I have got a big CSVs that contain big strings. I wanna parse them in U-SQL.
@t1 =
SELECT
Regex.Match("ID=881cf2f5f474579a:T=1489536183:S=ALNI_MZsMMpA4voGE4kQMYxooceW2AOr0Q", "ID=(?<ID>\\w+):T=(?<T>\\w+):S=(?<S>[\\w\\d_]*)") AS p
FROM
(VALUES(1)) AS fe(n);
@t2 =
SELECT
p.Groups["ID"].Value AS gads_id,
p.Groups["T"].Value AS gads_t,
p.Groups["S"].Value AS gads_s
FROM
@t1;
OUTPUT @t
TO "/inhabit/test.csv"
USING Outputters.Csv();
Severity Code Description Project File Line Suppression State Error E_CSC_USER_INVALIDCOLUMNTYPE: 'System.Text.RegularExpressions.Match' cannot be used as column type.

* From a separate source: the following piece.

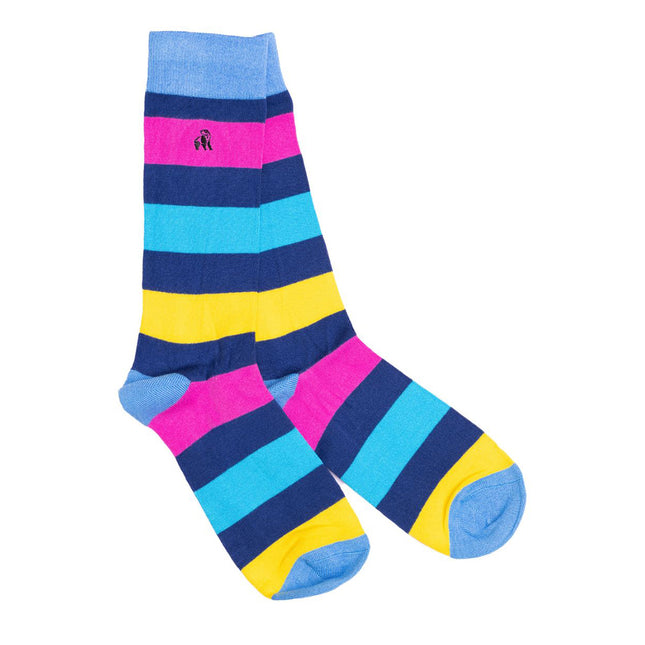 New Men's Bamboo Sock Collection - Neon Stripe Bamboo Socks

I know how to do it in a SQL way with EXPLODE/CROSS APPLY/GROUP BY. But may be it is possible to do without these dances?
One more update
@t1 =
SELECT
Regex.Match("ID=881cf2f5f474579a:T=1489536183:S=ALNI_MZsMMpA4voGE4kQMYxooceW2AOr0Q", "ID=(?<ID>\\w+):T=(?<T>\\w+):S=(?<S>[\\w\\d_]*)").Groups["ID"].Value AS id,
Regex.Match("ID=881cf2f5f474579a:T=1489536183:S=ALNI_MZsMMpA4voGE4kQMYxooceW2AOr0Q", "ID=(?<ID>\\w+):T=(?<T>\\w+):S=(?<S>[\\w\\d_]*)").Groups["T"].Value AS t,
Regex.Match("ID=881cf2f5f474579a:T=1489536183:S=ALNI_MZsMMpA4voGE4kQMYxooceW2AOr0Q", "ID=(?<ID>\\w+):T=(?<T>\\w+):S=(?<S>[\\w\\d_]*)").Groups["S"].Value AS s
FROM
(VALUES(1)) AS fe(n);
OUTPUT @t1
TO "/inhabit/test.csv"
USING Outputters.Csv();
This wariant works fine. But there is a question. Will the regex evauated 3 times per row? Does exists any chance to hint U-SQL engine - the function Regex.Match is deterministic.